Le Conseil d’État, en confirmant l’ordonnance du premier juge, rappelle que l’appréciation de l’urgence relève de l’office souverain du juge des référés (A) et que la charge de la preuve de cette urgence pèse sans équivoque sur le requérant (B).

A. L’appréciation souveraine de l’urgence par le juge des référés

Le juge des référés du Conseil d’État valide l’analyse factuelle opérée en première instance. La juge du tribunal administratif avait en effet relevé la contradiction manifeste entre les déclarations de l’intéressé. Lors d’une première audience, il avait affirmé qu’un mois de préparation était nécessaire pour tout nouveau spectacle, excluant toute représentation avant le 25 juin 2025. Or, dans la seconde instance, il « soutient désormais de manière contradictoire que la prochaine représentation de son spectacle doit avoir lieu le 28 mai ». Le juge ne se contente donc pas de prendre acte des allégations du requérant ; il les confronte aux pièces du dossier et aux déclarations antérieures pour en vérifier la cohérence et la vraisemblance. Cette démarche démontre que l’urgence ne se décrète pas mais se constate au travers d’un faisceau d’indices concordants. Le juge administratif exerce ainsi un contrôle concret et circonstancié, qui ne saurait être qualifié de simple appréciation subjective. En se fondant sur le manque de crédibilité des nouvelles allégations, le juge des référés exerce pleinement son office et s’assure que la condition d’urgence, qui déclenche une procédure d’une exceptionnelle célérité, est bien caractérisée.
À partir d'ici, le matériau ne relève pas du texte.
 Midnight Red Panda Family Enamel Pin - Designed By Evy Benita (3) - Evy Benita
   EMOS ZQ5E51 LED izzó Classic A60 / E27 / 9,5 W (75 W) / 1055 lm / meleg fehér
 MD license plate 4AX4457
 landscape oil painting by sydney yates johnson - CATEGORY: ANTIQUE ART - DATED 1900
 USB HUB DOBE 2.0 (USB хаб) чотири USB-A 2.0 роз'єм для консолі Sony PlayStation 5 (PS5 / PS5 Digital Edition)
B. La charge de la preuve incombant au requérant

La solution retenue par le Conseil d’État est également une illustration classique du principe selon lequel il appartient au demandeur de prouver le bien-fondé de ses prétentions. En l’espèce, le requérant se borne à contester l’appréciation du premier juge sans pour autant étayer ses dires. Le juge d’appel relève qu’il n’apporte « aucun élément, qui ne ressort pas davantage des pièces du dossier, de nature à établir qu’il a effectivement le projet de présenter un spectacle entre la date de la présente ordonnance et le 25 juin prochain ». Le renversement de la charge de la preuve n’est pas admis dans le cadre du référé-liberté, même lorsque des libertés fondamentales sont en jeu. L’urgence doit être démontrée par des faits précis et actuels. Le simple fait d’invoquer une atteinte à une liberté fondamentale ne suffit pas à présumer de l’urgence à statuer. La décision met ainsi en lumière l’exigence de rigueur attendue de la part d’un requérant qui entend bénéficier d’une mesure prononcée dans un délai de quarante-huit heures. L’absence de justification tangible conduit logiquement et nécessairement au rejet de la demande.
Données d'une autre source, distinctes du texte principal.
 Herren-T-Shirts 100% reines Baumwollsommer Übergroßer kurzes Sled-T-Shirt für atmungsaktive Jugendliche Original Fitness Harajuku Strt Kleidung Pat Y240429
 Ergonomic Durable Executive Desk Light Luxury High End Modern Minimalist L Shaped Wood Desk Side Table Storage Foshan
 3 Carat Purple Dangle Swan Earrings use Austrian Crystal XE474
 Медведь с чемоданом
Cette stricte application des conditions de recevabilité du référé-liberté confère à la décision une portée qui dépasse le cas d’espèce, en ce qu’elle précise le rôle du juge comme garant de l’intégrité de cette procédure.
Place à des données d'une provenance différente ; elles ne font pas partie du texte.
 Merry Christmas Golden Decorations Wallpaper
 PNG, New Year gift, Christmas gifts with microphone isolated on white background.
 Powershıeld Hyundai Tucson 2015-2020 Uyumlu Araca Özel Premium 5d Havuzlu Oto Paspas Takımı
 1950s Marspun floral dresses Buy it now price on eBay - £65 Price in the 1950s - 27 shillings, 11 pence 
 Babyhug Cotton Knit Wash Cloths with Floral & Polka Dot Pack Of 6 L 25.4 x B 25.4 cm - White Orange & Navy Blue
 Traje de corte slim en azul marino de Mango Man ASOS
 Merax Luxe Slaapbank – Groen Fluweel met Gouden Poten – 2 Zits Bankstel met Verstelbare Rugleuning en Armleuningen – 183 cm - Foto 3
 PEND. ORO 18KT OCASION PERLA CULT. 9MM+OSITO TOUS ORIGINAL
II. La portée de la décision : le juge des référés, garant de l’office du référé-liberté

En refusant de faire droit à une demande insuffisamment étayée, le Conseil d’État réaffirme le caractère exceptionnel du référé-liberté et son rôle de gardien contre une éventuelle instrumentalisation (A), tout en adressant un rappel pédagogique aux justiciables sur les exigences de la procédure (B).

A. La sauvegarde du caractère exceptionnel de la procédure

Le référé-liberté est une voie de droit d’urgence destinée à apporter une réponse juridictionnelle très rapide à une atteinte grave et manifestement illégale à une liberté fondamentale. Sa spécificité réside dans l’extrême brièveté du délai dans lequel le juge doit se prononcer. Permettre son utilisation sur la base d’allégations contradictoires ou non prouvées reviendrait à dénaturer son objet et à risquer l’engorgement des prétoires. En validant le raisonnement du premier juge qui a décelé l’incohérence du requérant, le Conseil d’État envoie un signal clair : le juge des référés n’est pas un simple enregistreur des demandes. Il est un régulateur qui doit veiller à ce que cette procédure d’urgence demeure réservée aux situations qui le justifient véritablement. La décision commentée a ainsi pour effet de préserver l’efficacité et la crédibilité du référé-liberté, en évitant qu’il ne soit détourné de sa finalité pour devenir un outil de contestation systématique des décisions administratives. La rigueur du contrôle de l’urgence est donc la contrepartie nécessaire de la puissance des mesures que le juge peut ordonner.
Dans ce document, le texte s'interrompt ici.